Stored data:
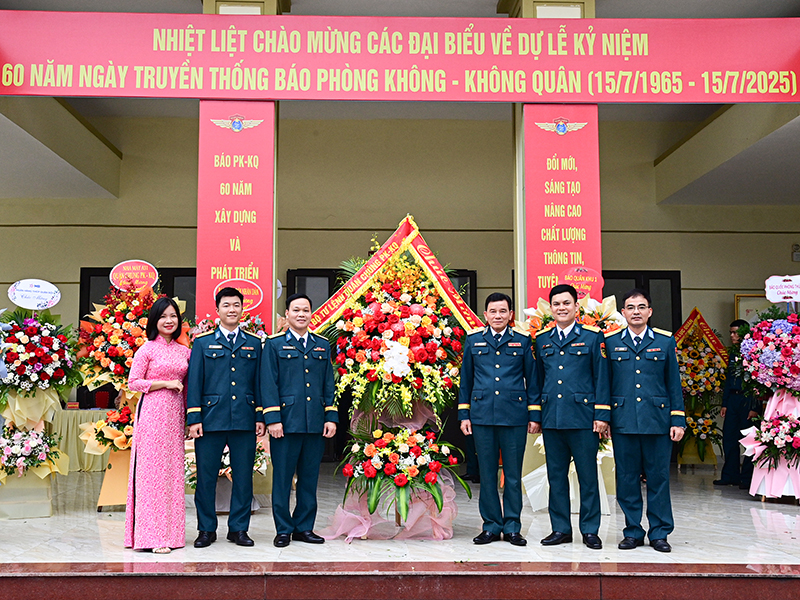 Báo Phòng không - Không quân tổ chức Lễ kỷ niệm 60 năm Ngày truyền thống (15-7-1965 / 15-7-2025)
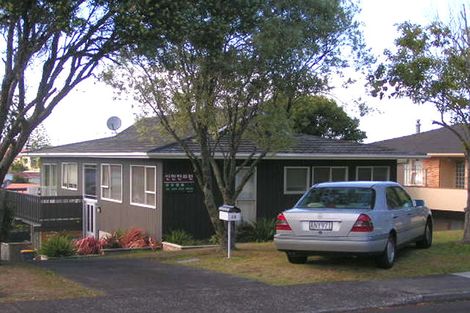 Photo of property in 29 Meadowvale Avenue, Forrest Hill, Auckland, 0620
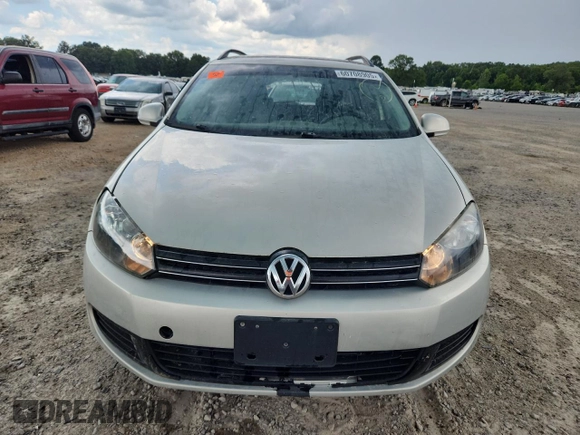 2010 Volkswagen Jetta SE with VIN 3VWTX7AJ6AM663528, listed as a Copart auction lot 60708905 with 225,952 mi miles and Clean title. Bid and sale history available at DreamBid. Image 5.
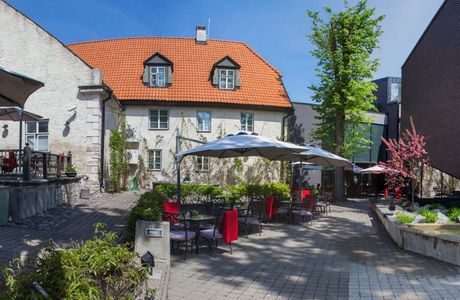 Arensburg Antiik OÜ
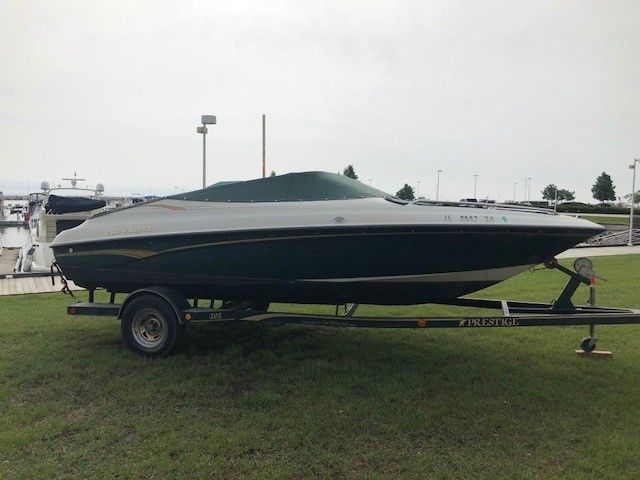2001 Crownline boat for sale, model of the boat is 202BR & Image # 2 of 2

The problem:
Everything from the line with "Arensburg Antiik OÜ" through the end of the records is to be repeated exactly. The pictures are not.

Response to the exercise:
 Arensburg Antiik OÜ
2001 Crownline boat for sale, model of the boat is 202BR & Image # 2 of 2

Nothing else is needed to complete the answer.